The present disclosure includes an extensive evaluation of the novel techniques on three real-world datasets against several state-of-the-art baselines. Particularly, the discussion compares ALFA against AL baselines for GNN-based schema alignment. One state-of-the-art GNN-based schema alignment model and several AL baselines have been chosen for the experimental evaluation. The experimental results on three real-world datasets show that (1) ALFA leads to a substantial reduction (e.g., 27% to 82%) in the cost of human labeling. (2) semantic blocking reduces label skew up to semantic blocking reduces label skew up to 40 times without adversely affecting model quality and scales AL to large datasets, and (3) sample selection achieves comparable schema matching quality (e.g., 90% F1-score) to models trained on the entire set of available training data. ALFA has outperformed the state-of-the-art ontology alignment system, BERTMap, in terms of (1) 10 times shorter time per AL iteration (thereby reducing computer resources such as a reductions in the utilization of processors, registers, cache memory, RAM, bandwidth, etc.) and (2) requiring half of the AL iterations to achieve the highest convergent F1-score. It should be appreciated that one or more embodiments provide (i) an end-to-end active learning framework for GNN based semantic schema alignment, (ii) a novel ontology-aware sample selection algorithm for human labeling that exploits the semantic representation of the schema elements to minimize human labeling cost including computer resources, (iii) an efficient ontology aware label propagation algorithm that propagates labels based on their semantic representation to further reduce the cost of labeling training data, and (iv) an effective semantic blocking algorithm that prunes likely mismatches between schema elements to scale to larger schemas, thereby reducing the sample selection latency without sacrificing the model quality.

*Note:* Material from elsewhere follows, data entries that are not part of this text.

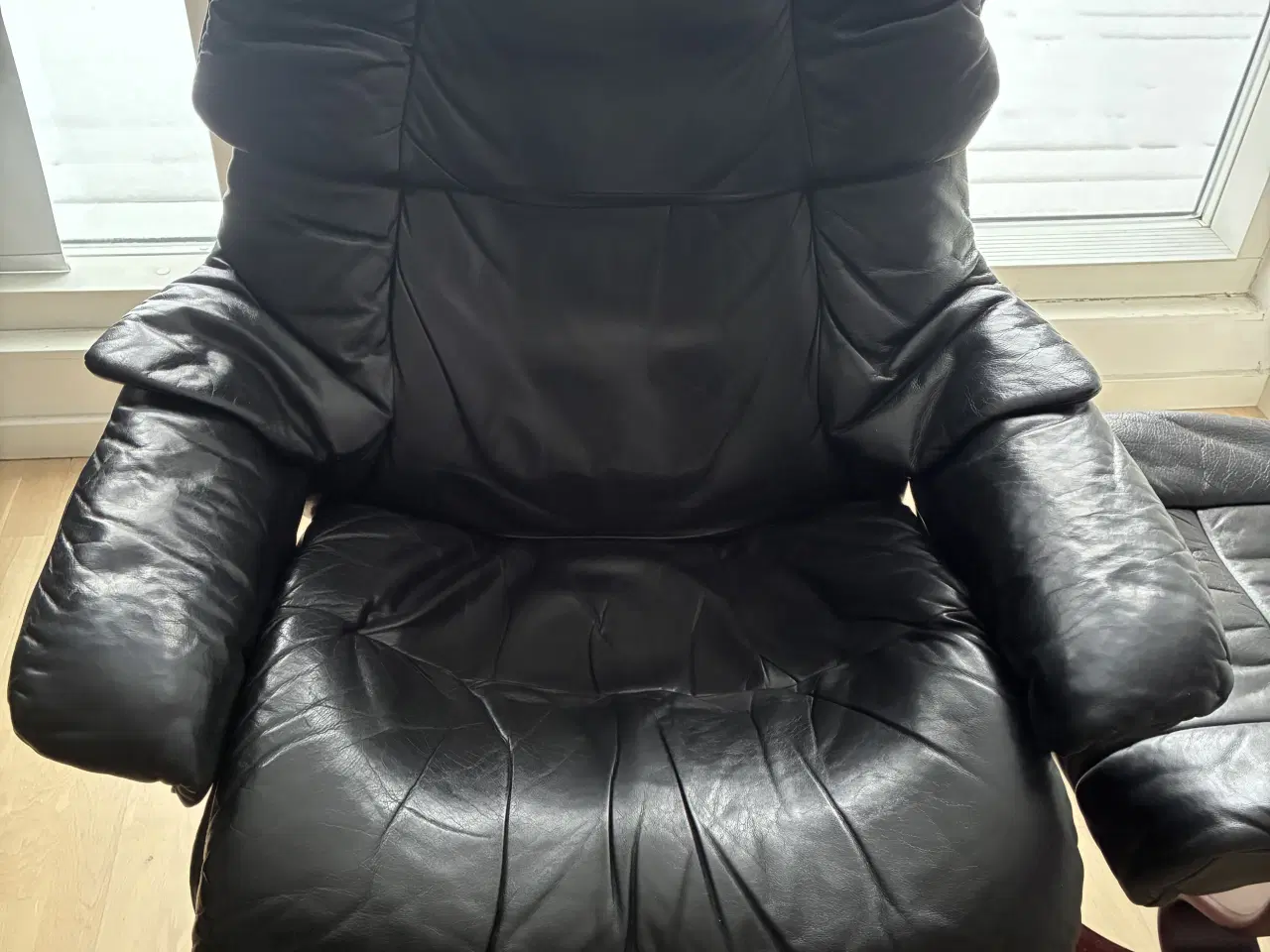 Billede 2 - Stressless læder lænestol sort med skammel 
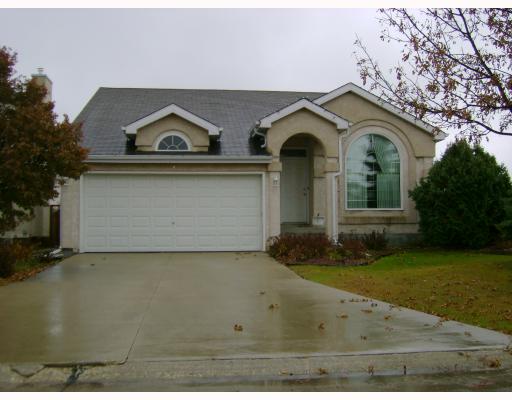 Main Photo: 4 BLACKWOOD Bay in WINNIPEG: Fort Garry / Whyte Ridge / St Norbert Residential for sale (South Winnipeg) : MLS®# 2919843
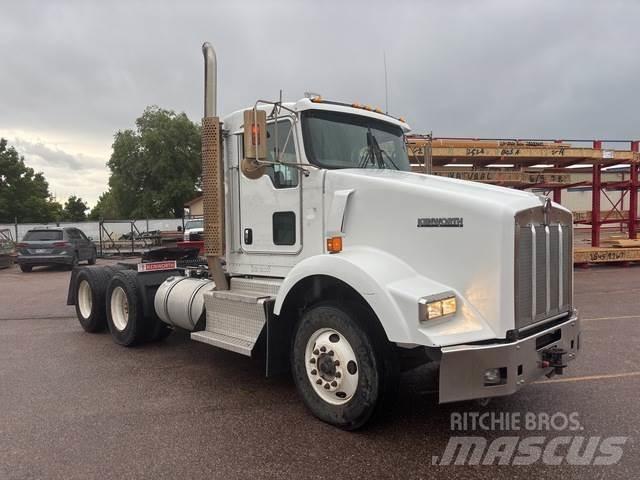 Kenworth T800 曳引機組件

2. Preliminaries and System Overview

In this section, a GNN-based supervised model for schema alignment is described where the schemas are represented as ontologies. Also, the basic active learning techniques and terminologies are described followed by the system overview for ALFA according to one or more embodiments.

FIG. 12 depicts the architecture of a GNN-based semantic schema alignment model to find matching elements across two input schemas. FIG. 12 utilizes a GNN to generate a low-dimensional representation (embeddings) for each node (schema element) in the two input schemas. The system then uses a classifier such as a multilayer perceptron (MLP) with a sigmoid output layer to classify a given pair of elements (e.g., node pairs) across the two input schemas (e.g., ontologies) as a match or non-match. The GNN-based semantic schema alignment model takes the two ontology graphs representing the schemas to be matched, a set of initial feature vectors (embeddings) for each schema element (concept) in the ontology graph, and a training set of labeled matching and non-matching ontology concept pairs as input. The initial set of feature vectors is typically generated from the schema element properties such as their label names and descriptions using a pre-trained language model.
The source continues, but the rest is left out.